A investigação foi instaurada de ofício pela SG em 2021 após tomar conhecimento, por meio de pesquisas no site do COFFITO, de instrumentos normativos que teriam potencial de configurar influência à adoção de conduta uniforme entre concorrentes, tais como resoluções, acórdãos e tabelas de referência de preços que estabeleciam valores mínimos para a prestação de serviços de fisioterapia e terapia ocupacional. A SG encaminhou então ofícios solicitando esclarecimentos aos Conselhos Regionais de Fisioterapia e Terapia Ocupacional (CREFITOs). O Conselho Regional de Fisioterapia e Terapia Ocupacional da 15ª Região (CREFITO-15) indicou possuir seis processos éticos abertos e encerrados conforme as normativas do COFFITO. Dessa forma, a SG instaurou processo administrativo contra o COFFITO e o CREFITO-15. Em sua defesa, o COFFITO alegou a ocorrência de prescrição, dado que os fatos sob análise teriam sido apurados em investigação anterior[11], quando a SG reconheceu a incidência de prescrição intercorrente. Ao final da instrução, contudo, a SG recomendou a condenação do COFFITO e do CREFITO-15. Após a recomendação da SG, o CREFITO-15 celebrou Termo de Compromisso de Cessação (TCC) para suspender a investigação.
Durante a 245ª Sessão Ordinária de Julgamento (SOJ), o Conselheiro Relator Carlos Jacques votou pela condenação do COFFITO. Segundo o Relator, não teria ocorrido a prescrição, dado que o conjunto probatório seria mais amplo do que aquele analisado em investigação anterior, sendo que alguns dos atos normativos investigados seriam, inclusive, posteriores ao reconhecimento da incidência de prescrição intercorrente. O Relator entendeu também que a conduta de influência à adoção de conduta comercial uniforme seria um ilícito por objeto, tendo sido demonstrada a autoria e materialidade da conduta, “pois o COFFITO, por meio de elaboração de tabelas de honorários de cunho obrigatório e de resoluções que também revelam a obrigatoriedade de observação dos referenciais estipulados pelos profissionais fisioterapeutas, possuía o objetivo de uniformizar os preços de serviços prestados por fisioterapeutas”. Desse modo, o Relator fixou multa no valor de aproximadamente R$ 3,1 milhões, além de determinar que o COFFITO se abstenha de elaborar e divulgar tabelas de preços impositivas no mercado de serviços de fisioterapia e terapia ocupacional, bem como que remova de seus endereços eletrônicos todas as referências às tabelas impositivas. Os demais membros do Tribunal acompanharam o voto do Relator.
Tribunal condena concessionárias por gun jumping no setor automotivo
O Tribunal do CADE decidiu, por unanimidade, condenar[12] as empresas Renauto Veículos e Peças Ltda (Renauto) e Navesa Nacional de Veículos Ltda. (Navesa) por consumação de aprovação sem a notificação obrigatória ao CADE (gun jumping) no setor automotivo.
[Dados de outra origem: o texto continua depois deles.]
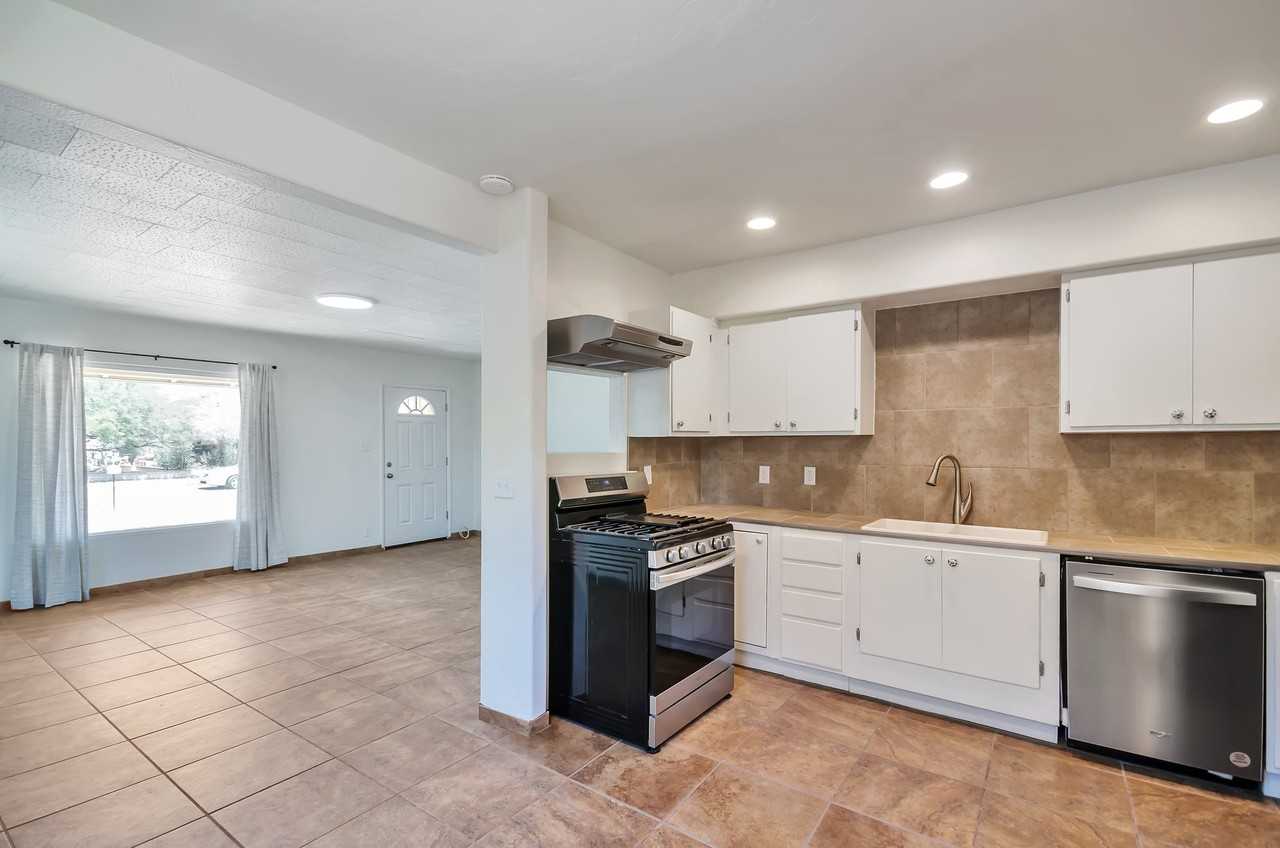 1520 E Silver St - Photo 7 of 25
A investigação teve origem em 2020, a partir da resposta da Renault a questionamentos do CADE no âmbito de processo de Denúncia de Ato de Concentração a respeito de transferências de concessionárias nos últimos 10 (dez) anos, em que apontou a Renauto como uma das concessionárias que participou dessas transações. Nesse sentido, a SG instaurou investigação e encaminhou ofício à Renauto, que informou sobre operação consistente na transferência de ativos à Navesa, com sucessão de atividades de concessionária de veículos. Segundo a Renauto, a operação não seria de notificação obrigatória, dado que decorreria de imposição da Renault para substituir as atividades entre concessionárias, sem efeitos sobre a concorrência. Segundo apurado pela SG, contudo, a operação era de notificação obrigatória por caracterizar aquisição de ativo e envolver grupos econômicos que preenchiam o critério de faturamento, mas foi consumada sem a aprovação prévia do CADE, configurando prática de gun jumping.
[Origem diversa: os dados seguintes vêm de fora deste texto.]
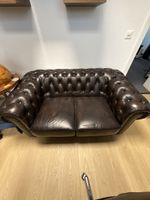Canapé Chesterfield vintage en cuir brun foncé 2 places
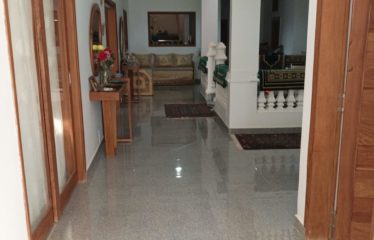 Nguérigne – Vaste villa au style andalous de 6 chambres avec piscine à vendre.BV516.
Durante a 218ª SOJ, realizada em outubro de 2023, o então Conselheiro Relator Luiz Hoffmann apresentou voto pelo reconhecimento da configuração da infração de gun jumping, determinando a notificação da operação ao CADE, mas deixando sobrestada decisão sobre a sanção pecuniária até a decisão de mérito sobre o ato de concentração. Em novembro de 2024, as partes notificaram a operação ao CADE, tendo sido aprovada sem restrições em março de 2025. Nesse sentido, os autos foram redistribuídos à relatoria da Conselheira Camila Cabral Pires Alvez. Antes da definição do valor da multa, as representadas apresentaram proposta de Acordo em Controle de Concentração (ACC) requerendo a aplicação no valor mínimo legal de R$ 60.000,00, dado que as representadas agiram de boa-fé após tomar ciência da obrigatoriedade de notificação da operação, inexistindo dolo ou lesão à concorrência porque a infração foi de baixa gravidade.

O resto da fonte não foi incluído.